Eluding a police officer while operating a motor vehicle or any other type of vessel can be either a second or third degree crime. N.J.S.A. 2C:29-2 provides that an individual is guilty of eluding a police officer if he or she knowingly flees or attempts to flee after the law enforcement officer signals the individual to bring the vehicle or vessel to a stop. The crime of eluding police is typically a third degree felony. If the flight or attempt to flee creates a risk of death or injury to any person, the charge can be elevated to a second degree felony. In addition to the penalties that otherwise apply to second or third degree crimes, the court can also suspend the person’s driver’s license for between six (6) months and two (2) years.

New Jersey Criminal Defense Attorney Lauren Scardella Uses Years of Experience to Expunge Clients’ Resisting Arrest Charges in Trenton, NJ

Even if an individual is never convicted of any underlying charges, resisting arrest is an offense that will remain on that person’s criminal record, as will the arrest. However, in some cases, an experienced Robbinsville criminal defense lawyer can petition for the charges to be expunged to keep the individual’s criminal record clean. A resisting arrest conviction for a third degree or fourth degree crime can be expunged under N.J.S.A. 2C:52-2 if:

  • The individual has no other indictable convictions,
  • He or she has not been convicted of a disorderly persons offense or petty disorderly persons offense more than twice, and
  • At least ten (10) years have elapsed since the individual completed his or her sentence, including parole, although it may be possible to apply for expungement early after five (5) years have passed.

If the resisting arrest charge was punished as a disorderly persons offense, the individual can petition for expungement after five (5) years have passed, or three (3) years at the court’s discretion.

Call Today to Discuss Your Hamilton Resisting Arrest Charges Free of Cost

At the Law Offices of Lauren E. Scardella in Hamilton, I take resisting arrest charges very seriously and understand the detrimental consequences that can arise from conviction of any crime—especially one that arose from a true belief on my client’s part that he or she was being arrested unlawfully. I provide a free consultation to discuss your case, so contact my office at 609-587-1144, or fill out this online form. I accept all major credit cards, and I am conveniently located at 2653 Nottingham Way STE 1, Hamilton Township, NJ 08619.

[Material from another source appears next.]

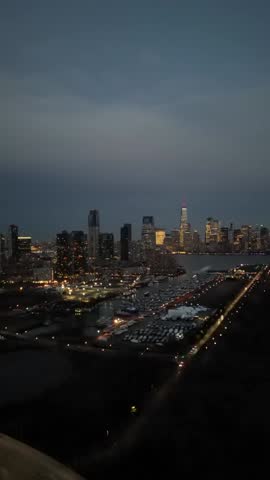 Aerial drone footage of Jersey City and the Manhattan skyline featuring urban architecture, river views, and cinematic movement captured in high resolution.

Frequently Asked Questions About Resisting Arrest Charges in NJ

Is there any way to defend against a resisting arrest conviction in New Jersey?

Yes, defense avenues exist in every case. The most common way to defend against a resisting arrest charge is to show that you did not actually intend to resist arrest. In many cases, an individual who is nervous or frightened upon being arrested may move in ways that could suggest an intent to resist even if no such intent existed. The prosecution has a heavy burden of proof in these cases, and an experienced criminal defense attorney will evaluate the client’s testimony and prosecution’s evidence to determine the best possible defense.

If the arresting officer uses force against me in the arrest, am I entitled to defend myself?

In extremely rare cases, it can be found that the arresting officer used excessive force that could justify resisting arrest. However, the amount of force that was used to resist arrest must be proportionate to the amount of force used by the officer. The arresting officer has several defense avenues to accusations that he or she used excessive force, however, making it unlikely that this defense will be viable in the vast majority of resisting arrest cases. For example, if the individual being arrested has reason to believe that the arresting officer would stop using excessive force if the individual stopped resisting arrest, the excessive force defense will probably not stick.